Aim of the task:
Restate, word for word and with no pictures, the stretch of lines in the data below that begins at the line with "Habitación, 1 habitación, para" and ends at the line with "古诗词赏析v2.3.2软件截图", inclusive.

Exercise input:

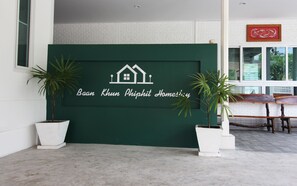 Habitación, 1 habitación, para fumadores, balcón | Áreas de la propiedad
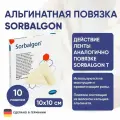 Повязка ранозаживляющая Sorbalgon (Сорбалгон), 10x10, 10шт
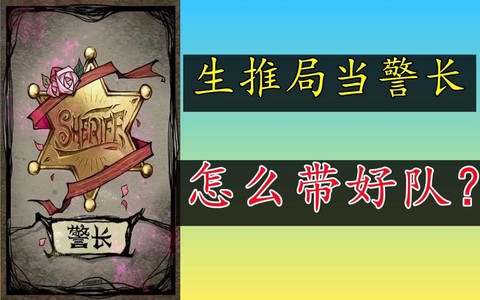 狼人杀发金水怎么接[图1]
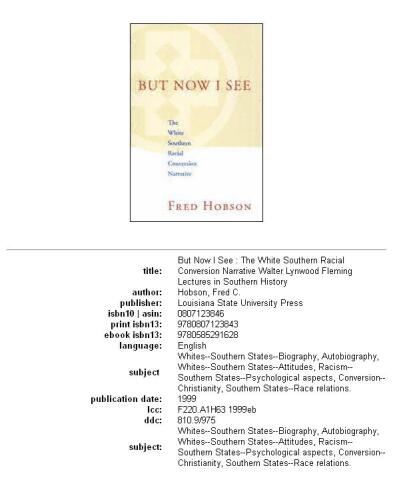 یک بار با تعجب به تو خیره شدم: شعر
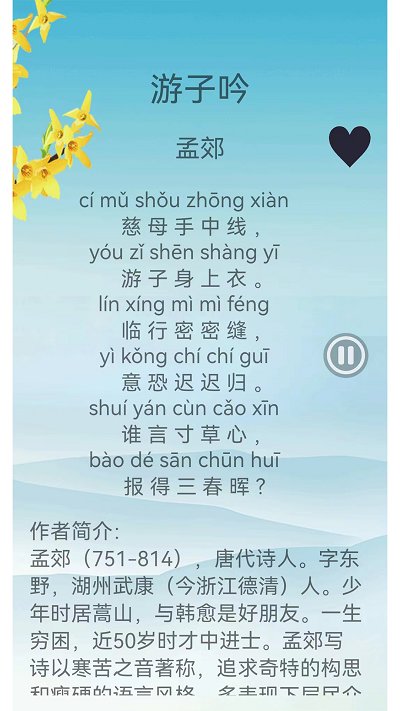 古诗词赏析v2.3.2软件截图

==

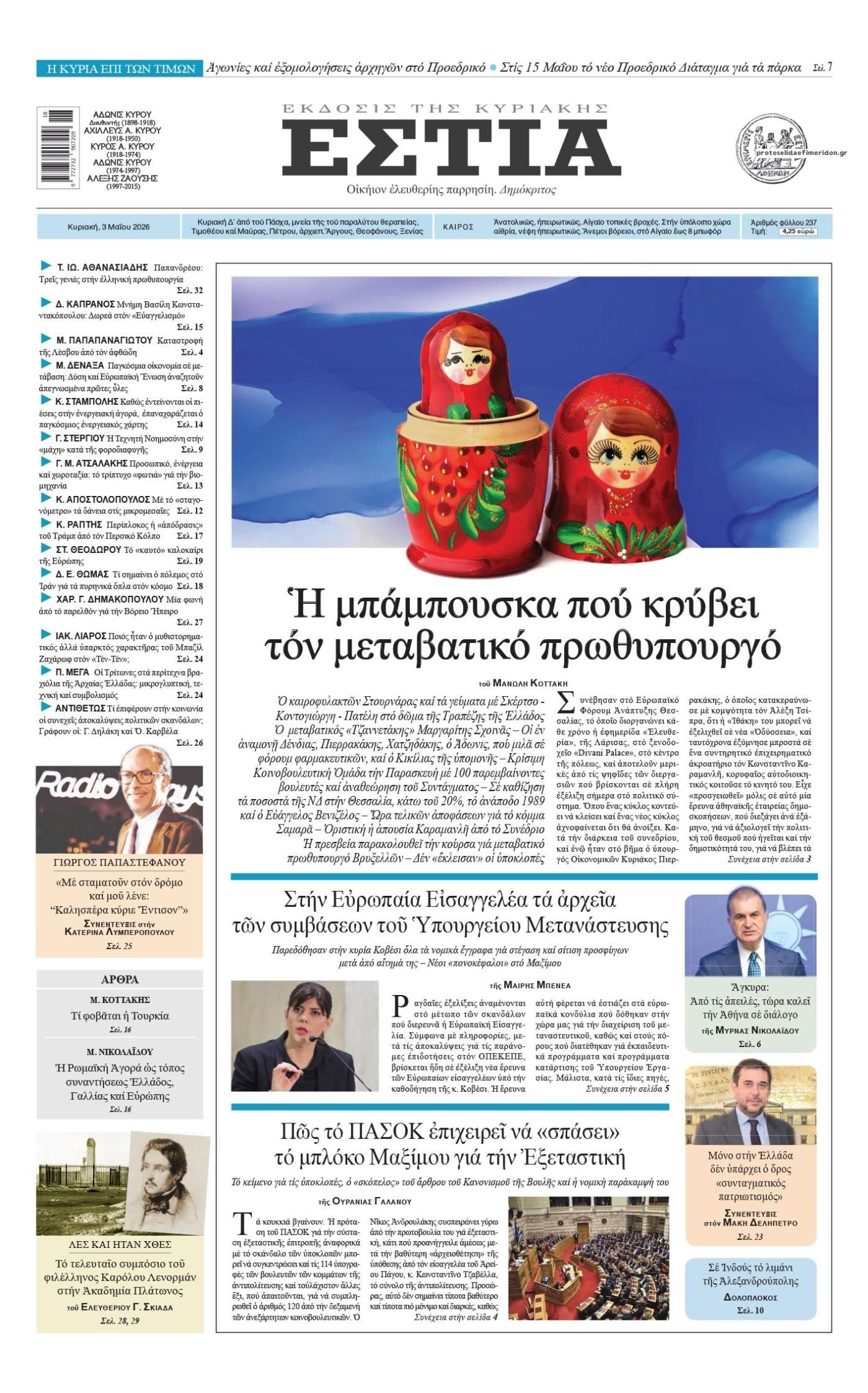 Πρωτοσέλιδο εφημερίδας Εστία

--

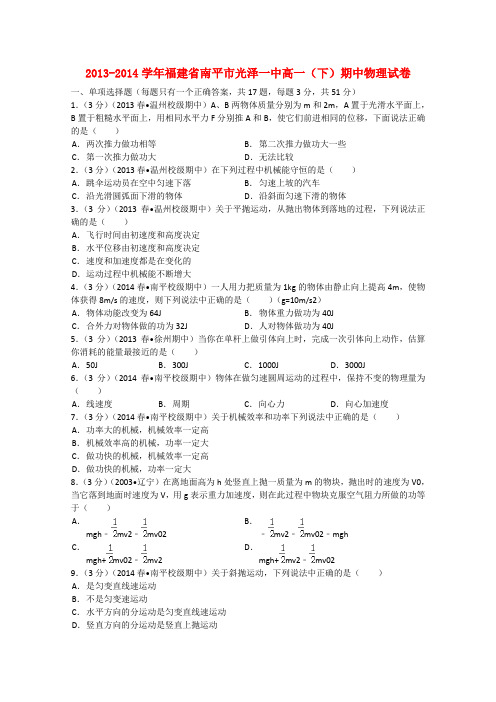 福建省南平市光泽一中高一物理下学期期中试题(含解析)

Exercise answer:
 Habitación, 1 habitación, para fumadores, balcón | Áreas de la propiedad
 Повязка ранозаживляющая Sorbalgon (Сорбалгон), 10x10, 10шт
 狼人杀发金水怎么接[图1]
 یک بار با تعجب به تو خیره شدم: شعر
 古诗词赏析v2.3.2软件截图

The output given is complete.